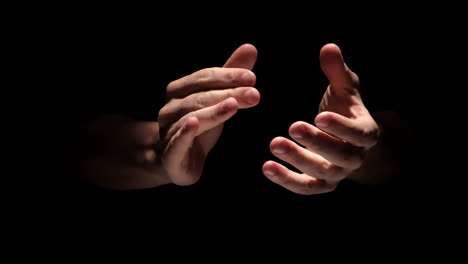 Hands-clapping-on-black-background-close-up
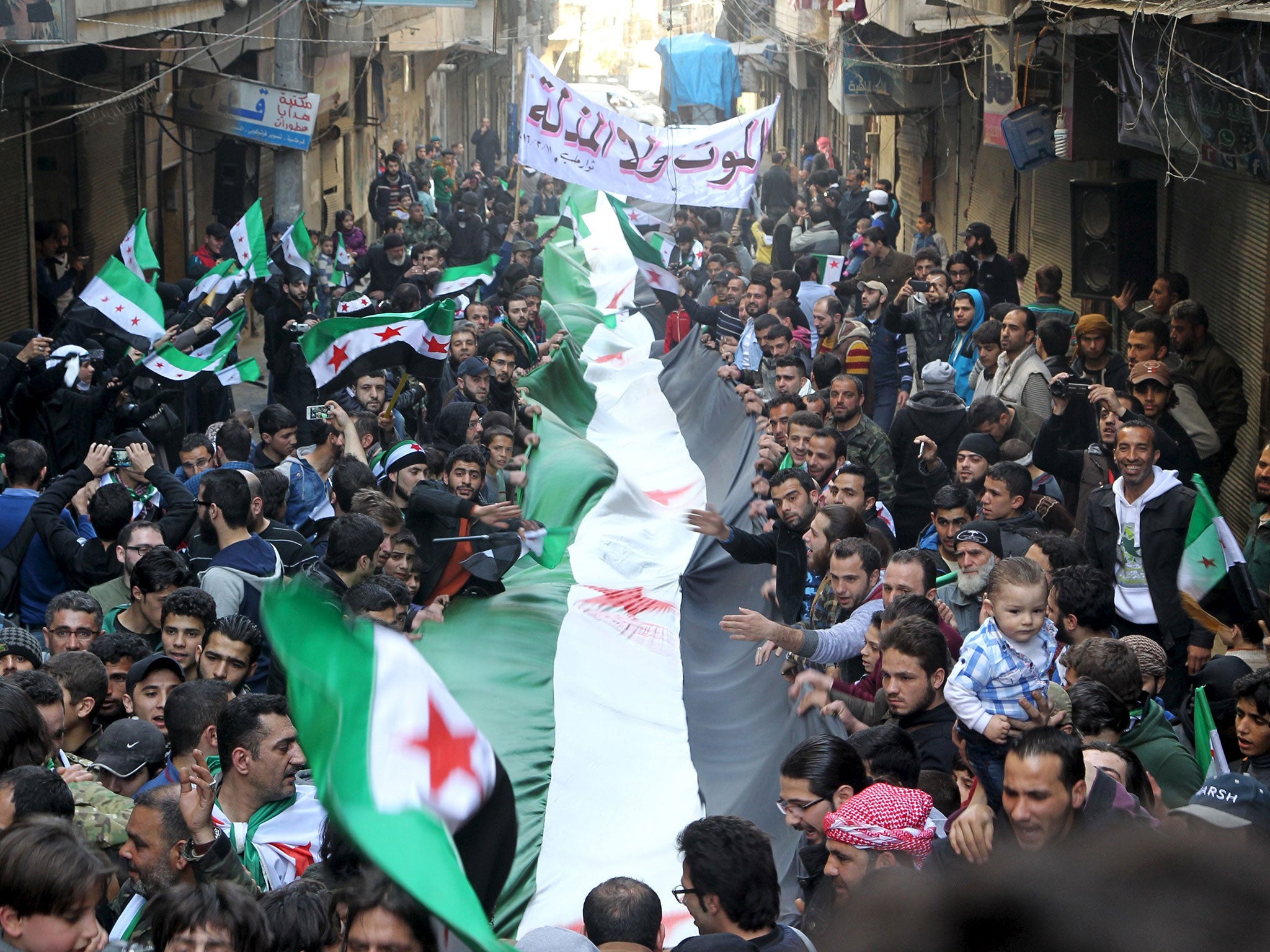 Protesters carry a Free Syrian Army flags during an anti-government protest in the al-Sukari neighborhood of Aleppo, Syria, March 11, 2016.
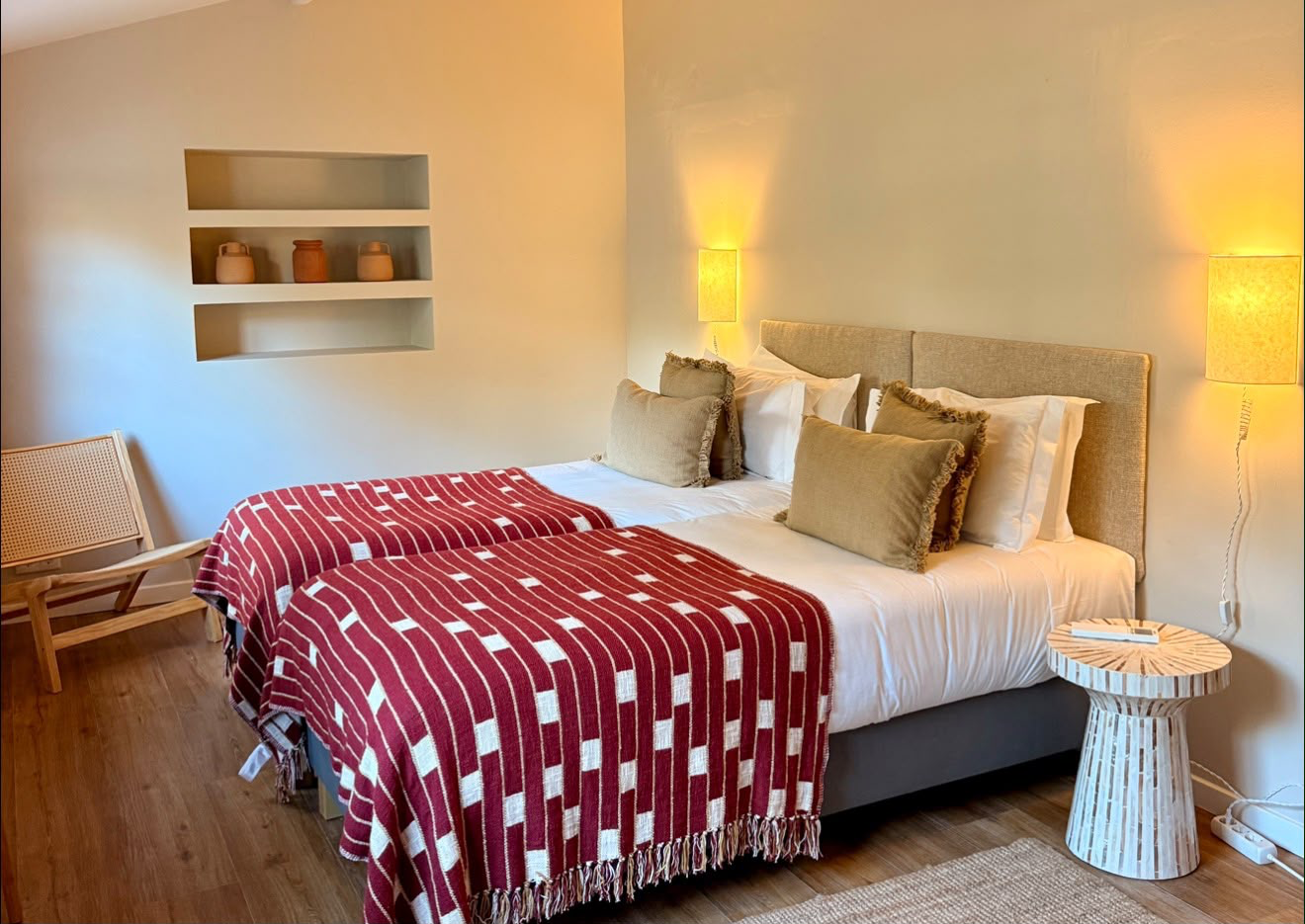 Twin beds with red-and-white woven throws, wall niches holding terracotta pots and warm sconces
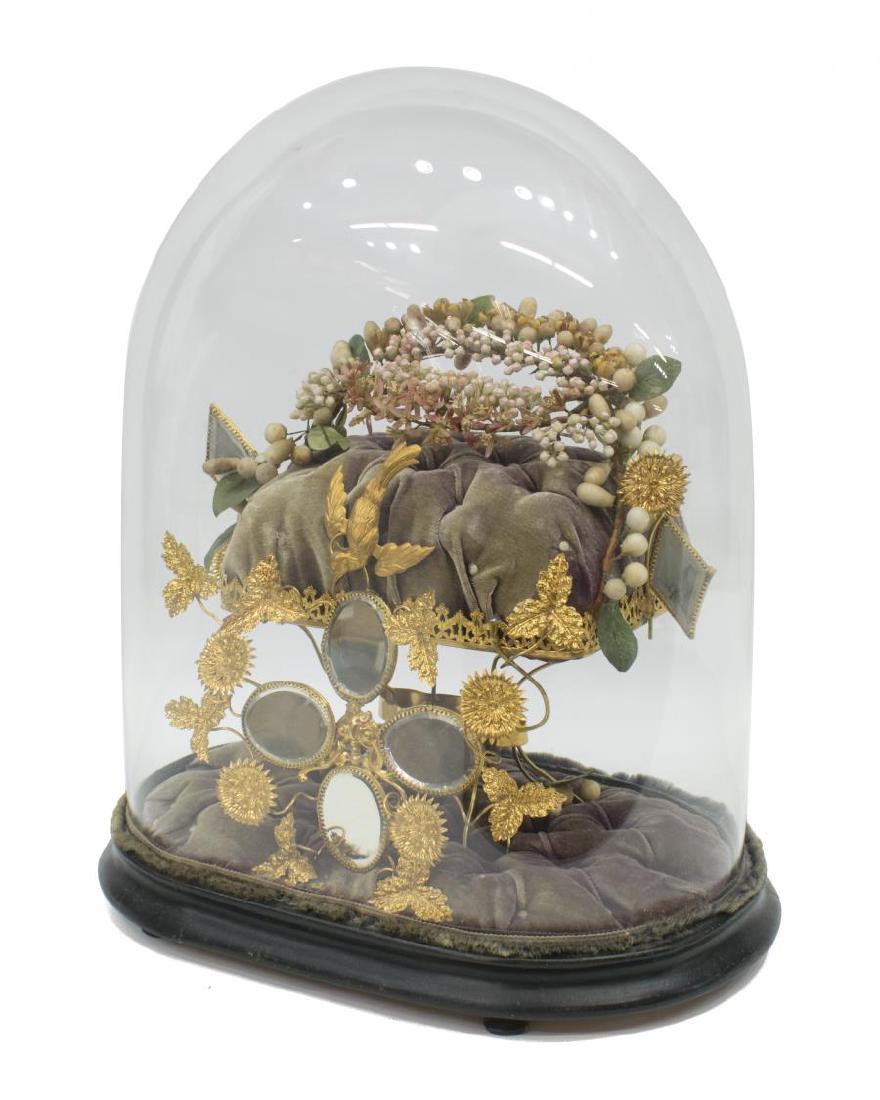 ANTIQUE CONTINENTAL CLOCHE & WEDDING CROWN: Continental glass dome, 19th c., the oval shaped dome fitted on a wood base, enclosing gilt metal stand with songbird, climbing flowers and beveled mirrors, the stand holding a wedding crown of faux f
════════════════
Print the data exactly, from its first line to the line containing "Twin beds with", both included. Omit the pictures.

Answer space:
 Hands-clapping-on-black-background-close-up
 Protesters carry a Free Syrian Army flags during an anti-government protest in the al-Sukari neighborhood of Aleppo, Syria, March 11, 2016.
 Twin beds with red-and-white woven throws, wall niches holding terracotta pots and warm sconces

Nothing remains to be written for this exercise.